Exploring Temporal Event Cues for Dense Video Captioning in Cyclic Co-learning
Zhuyang Xie, Yan Yang, Yankai Yu, Jie Wang, Yongquan Jiang, Xiao Wu
TL;DR
MCCL introduces a dense video captioning framework that fuses video-to-text retrieval, frame-level multi-concept detection, and a cyclic co-learning loop between a deformable transformer generator and a localizer to jointly enhance semantic perception and precise event localization. It employs weakly supervised MIL for frame concepts, a concept contrastive loss, and a cyclic loss that combines semantic matching, location matching, and semantic guidance to mutually reinforce captioning and localization. The method achieves state-of-the-art results on ActivityNet Captions and YouCook2 without extra pretraining, with notable gains in CIDEr and related metrics and enhanced interpretability through explicit concept cues. These contributions demonstrate the value of integrating cross-modal retrieval, temporal concept cues, and cyclic optimization for robust dense video understanding.
Abstract
Dense video captioning aims to detect and describe all events in untrimmed videos.

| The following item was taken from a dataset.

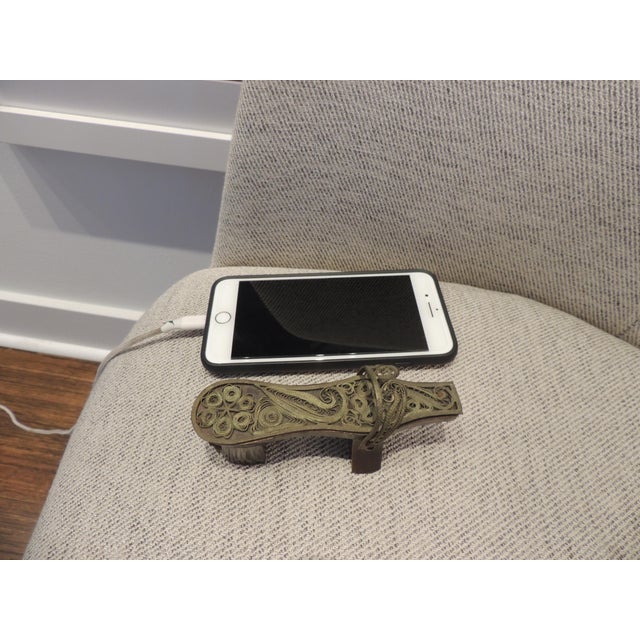 Vintage Indian Carved Wood With Brass Overlaid Details Decorative Object For Sale In Tampa - Image 6 of 7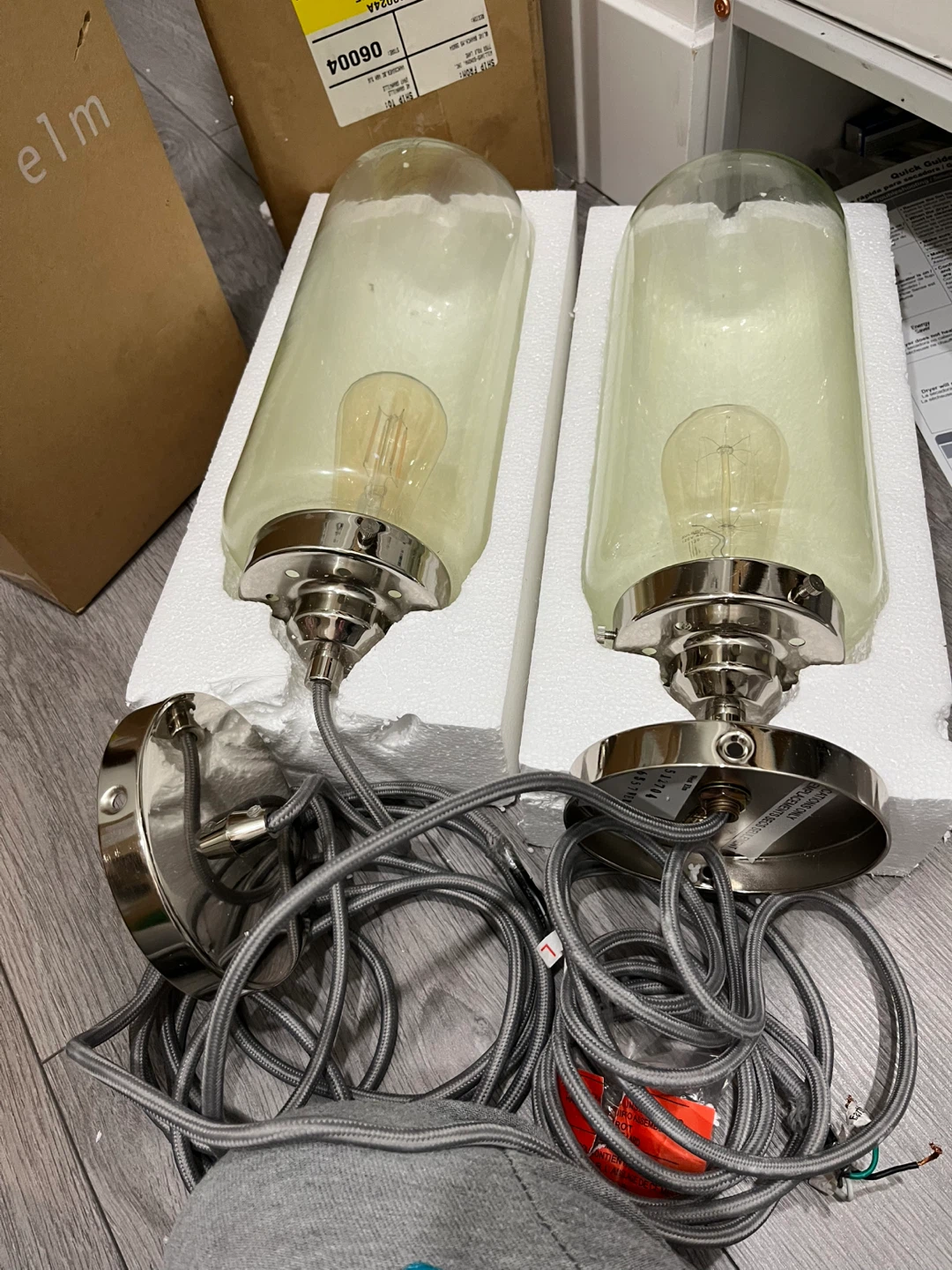 West Elm Glass Jar Pendant Light Fixtures (2)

This paper presents a dense video captioning network called Multi-Concept Cyclic Learning (MCCL), which aims to: (1) detect multiple concepts at the frame level, using these concepts to enhance video features and provide temporal event cues; and (2) design cyclic co-learning between the generator and the localizer within the captioning network to promote semantic perception and event localization. Specifically, we perform weakly supervised concept detection for each frame, and the detected concept embeddings are integrated into the video features to provide event cues. Additionally, video-level concept contrastive learning is introduced to obtain more discriminative concept embeddings. In the captioning network, we establish a cyclic co-learning strategy where the generator guides the localizer for event localization through semantic matching, while the localizer enhances the generator's event semantic perception through location matching, making semantic perception and event localization mutually beneficial. MCCL achieves state-of-the-art performance on the ActivityNet Captions and YouCook2 datasets. Extensive experiments demonstrate its effectiveness and interpretability.